*** Begin section ***

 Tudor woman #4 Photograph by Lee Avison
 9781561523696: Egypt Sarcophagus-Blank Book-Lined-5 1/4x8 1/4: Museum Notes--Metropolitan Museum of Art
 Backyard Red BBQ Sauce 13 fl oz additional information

*** End section ***
*** Begin section ***

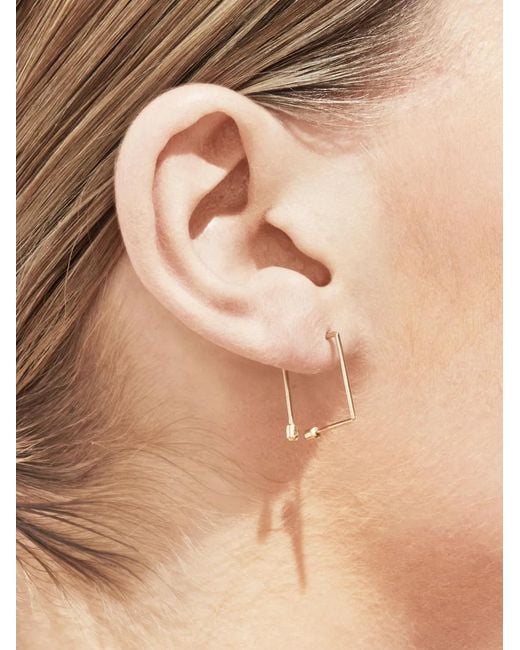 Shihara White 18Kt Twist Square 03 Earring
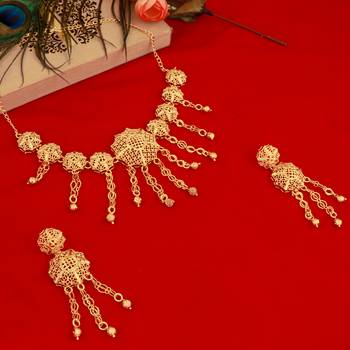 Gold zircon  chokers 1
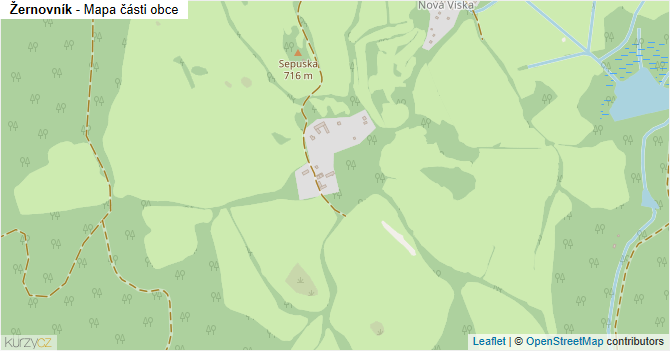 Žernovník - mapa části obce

*** End section ***
*** Begin section ***

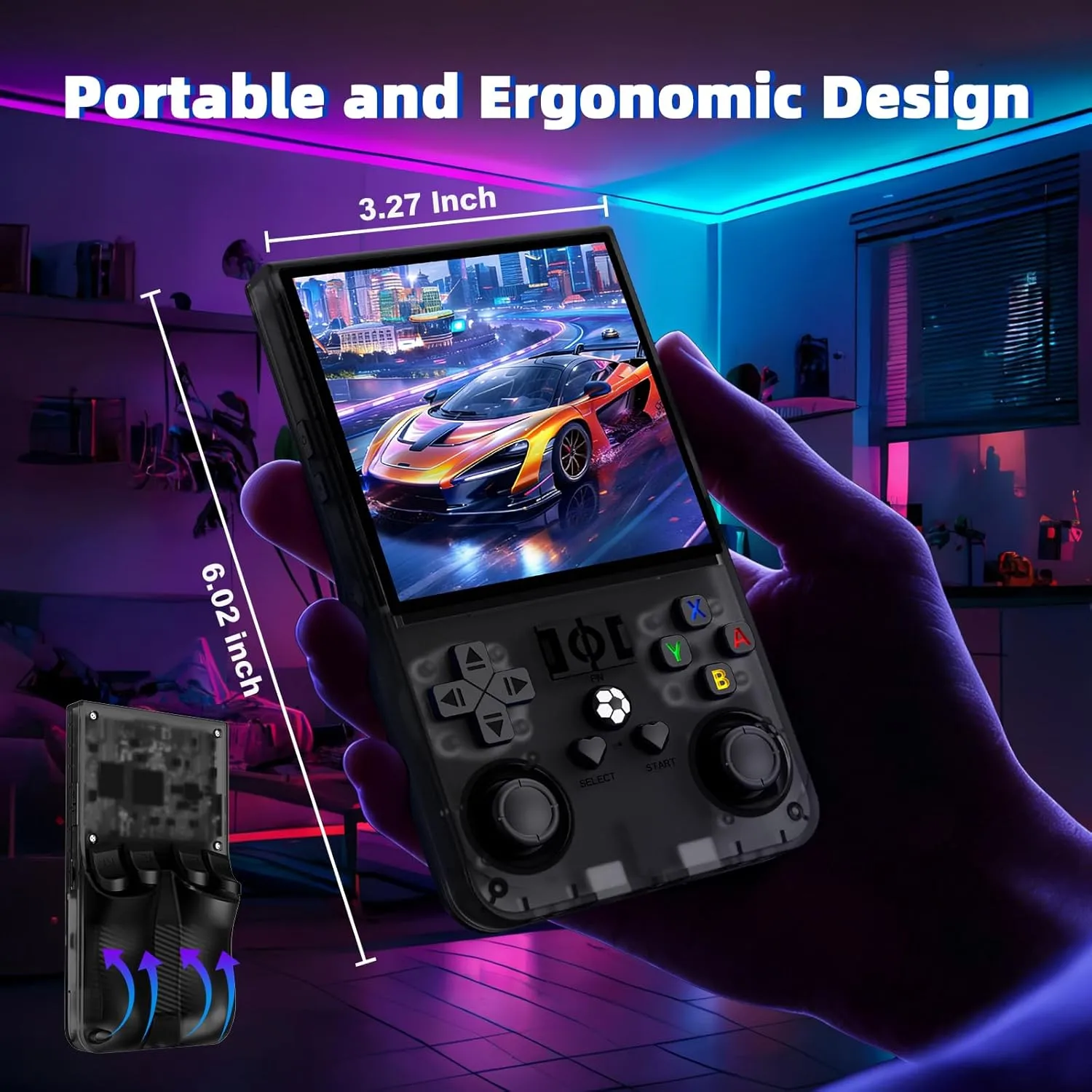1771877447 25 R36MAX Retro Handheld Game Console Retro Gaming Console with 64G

*** End section ***

Work instruction:
Every line above from the one with "Shihara White 18Kt Twist Square 03 Earring" down to the one with "Žernovník - mapa části obce" must be written out exactly, and no picture may appear.

Expected output:
 Shihara White 18Kt Twist Square 03 Earring
 Gold zircon  chokers 1
 Žernovník - mapa části obce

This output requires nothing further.